连昌平摇头叹息:「朝堂事忙,夫人又是早早离世,亦和这孩子,从小就爱把心事藏匿,幸得有起元丶有你陪着。她虽从未与我提,但血浓于水,她心慕楚山,我这个做父亲的又岂会不知呢。大抵她是怕我担心,才会表现如此平静?」
顾颜:「亦和昨日听到消息后,也只笑了笑,并未有大的情绪波动。连伯父,你可知,每当暴风雨来临前,天亦是如此格外平静。」
连昌平喉咙一滚:「你是怕亦和,会为楚山,做出傻事来?难不成,她想劫狱救人?」
顾颜继续暗示:「连伯父,亦和性子沉稳,又不会武,劫狱应是无可能。我是怕她性子太沉稳,再钻牛角尖,做出伤害自己的事。

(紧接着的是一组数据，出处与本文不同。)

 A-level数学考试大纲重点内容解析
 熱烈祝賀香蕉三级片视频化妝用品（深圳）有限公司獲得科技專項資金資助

且还有一事,您恐怕是不知,太子府已传出消息,说不日就会纳亦和为妾!」
「他实在欺人太甚!」连昌平听罢,猛地举起手,然后重重砸向茶桌,发出一声沉闷的声响。
伴着这声,厅外同时传来了瓷碗碎落的声音,连亦和就站在厅外,脚下还铺满了沾染粥米的碎瓷片。
连昌平即站起身,走到她的身前:「亦和,你可是烫到?可有受伤?」
连亦和却盯着脚下散落的瓷片,眼神涣散:「爹爹,你说,我若被这碎瓷片伤了容貌,太子他还会娶我吗?」
连昌平忙道:「亦和,不可妄言!为父就算拼了这官不做,也要护你周全。」
顾颜先吩咐下人打扫干净地面,待收拾妥当后,她又命所有下人在外候着。最后,还不忘让云月带上门。
此刻,正厅内就只剩他们三人。
「连伯父,圣上重视太子,如无意外,他怕就是大晋朝下一任君主,您与他硬碰,实在不是明智之举。亦和她宁愿自毁容貌,也不要嫁与太子,我这里倒有一计,可亦和,此后怕只能隐于人后了。」
顾颜自被噩梦惊醒,就一直思索,若亦和终是无法摆脱宿命,那何不以此为契机,将主动权牢牢掌握在自己手中呢。
假死,以谋生机!
顾颜将自己的想法道出后,此法实在荒诞,连昌平着实被吓惊。
「假死?此法是否太冒险?
太子并非那无知小儿,亦和好端端一个活人,又怎能瞒天过海呢?」
「连伯父,我在典狱司翻查案宗,看过一个案子,凶手就是先用药假死,再骗过所有人后,才去行凶作案。典狱司的方先生医术高明,他与连大哥医治,连伯父也是看在眼里。我去向方先生求这味药,想来他应该不会拒绝。」
「就算能瞒过太子,可亦和一个弱女子,她今后又要如何活?盛京丶连府,怕是就容不下她了啊!」
连昌平满目都透着不安,连亦和闻此,面上却还是一如既往的平静,甚至可以说是毫无波澜。顾颜明了,亦和的心结是在楚山!楚山若死,她怕也不想苟活。